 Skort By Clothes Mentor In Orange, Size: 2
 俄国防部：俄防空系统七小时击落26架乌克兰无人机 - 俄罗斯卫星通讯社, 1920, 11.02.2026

________________________________________

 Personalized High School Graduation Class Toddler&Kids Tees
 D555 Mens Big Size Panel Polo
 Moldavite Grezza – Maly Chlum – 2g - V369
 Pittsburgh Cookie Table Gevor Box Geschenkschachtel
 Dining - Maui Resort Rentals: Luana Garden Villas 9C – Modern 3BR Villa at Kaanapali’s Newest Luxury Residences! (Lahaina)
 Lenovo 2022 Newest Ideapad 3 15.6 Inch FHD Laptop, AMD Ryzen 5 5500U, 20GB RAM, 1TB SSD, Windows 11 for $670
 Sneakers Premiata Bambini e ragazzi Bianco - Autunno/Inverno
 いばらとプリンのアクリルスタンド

________________________________________

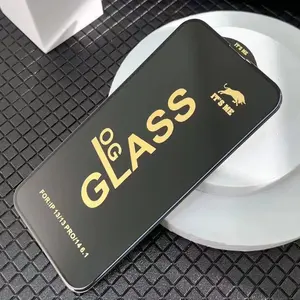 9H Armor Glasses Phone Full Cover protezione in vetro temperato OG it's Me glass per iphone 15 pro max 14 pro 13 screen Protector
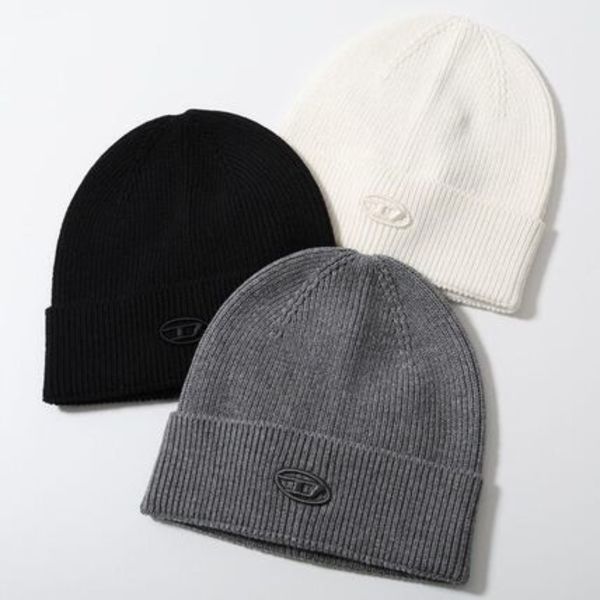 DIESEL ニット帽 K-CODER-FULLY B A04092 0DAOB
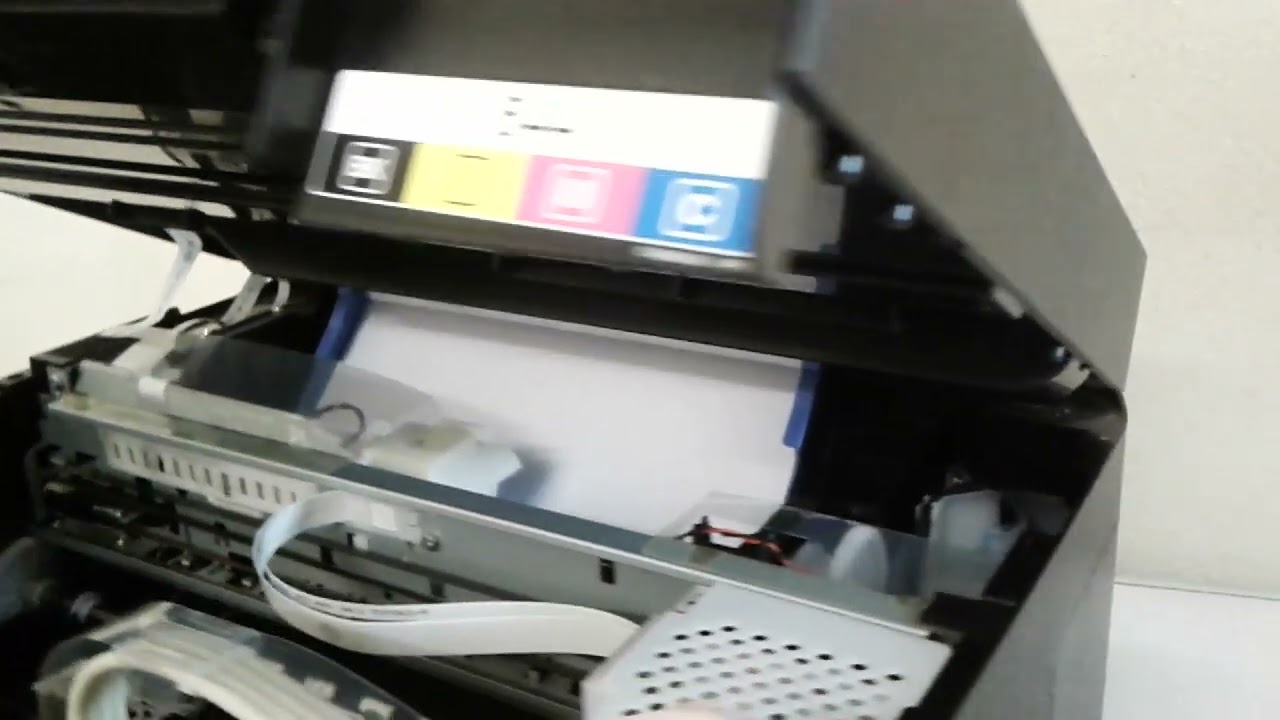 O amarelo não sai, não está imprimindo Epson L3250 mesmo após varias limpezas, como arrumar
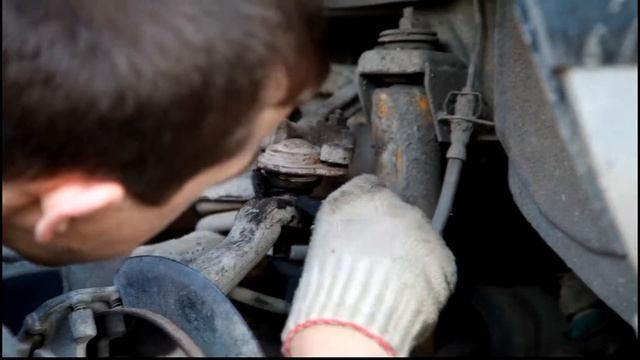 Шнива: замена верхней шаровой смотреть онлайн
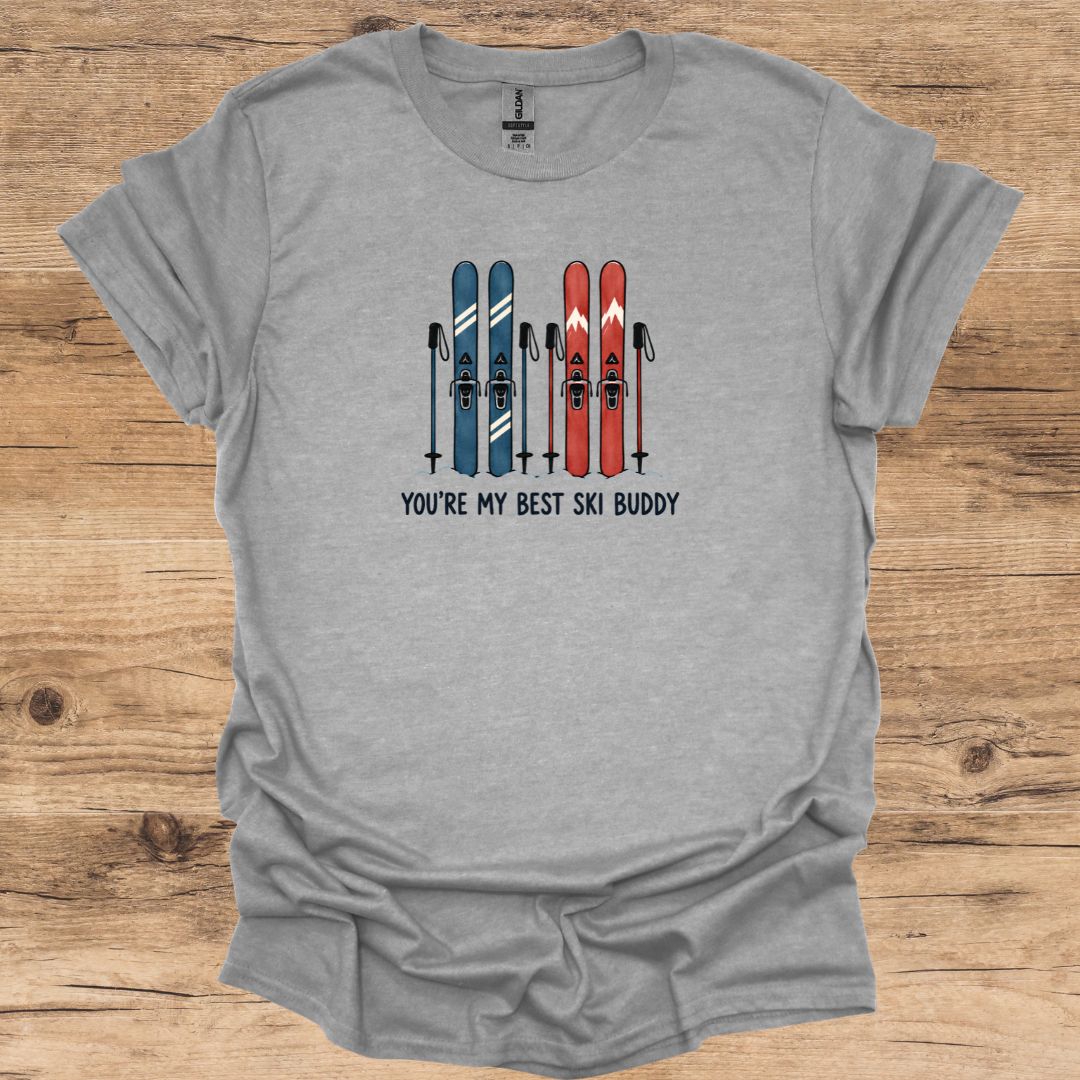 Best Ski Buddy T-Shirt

________________________________________

▶ What you are asked to do: Return only the stretch of the material above from the line holding "Dining - Maui" through the line holding "いばらとプリンのアクリルスタンド", copied exactly.

▶ Result for this task:
 Dining - Maui Resort Rentals: Luana Garden Villas 9C – Modern 3BR Villa at Kaanapali’s Newest Luxury Residences! (Lahaina)
 Lenovo 2022 Newest Ideapad 3 15.6 Inch FHD Laptop, AMD Ryzen 5 5500U, 20GB RAM, 1TB SSD, Windows 11 for $670
 Sneakers Premiata Bambini e ragazzi Bianco - Autunno/Inverno
 いばらとプリンのアクリルスタンド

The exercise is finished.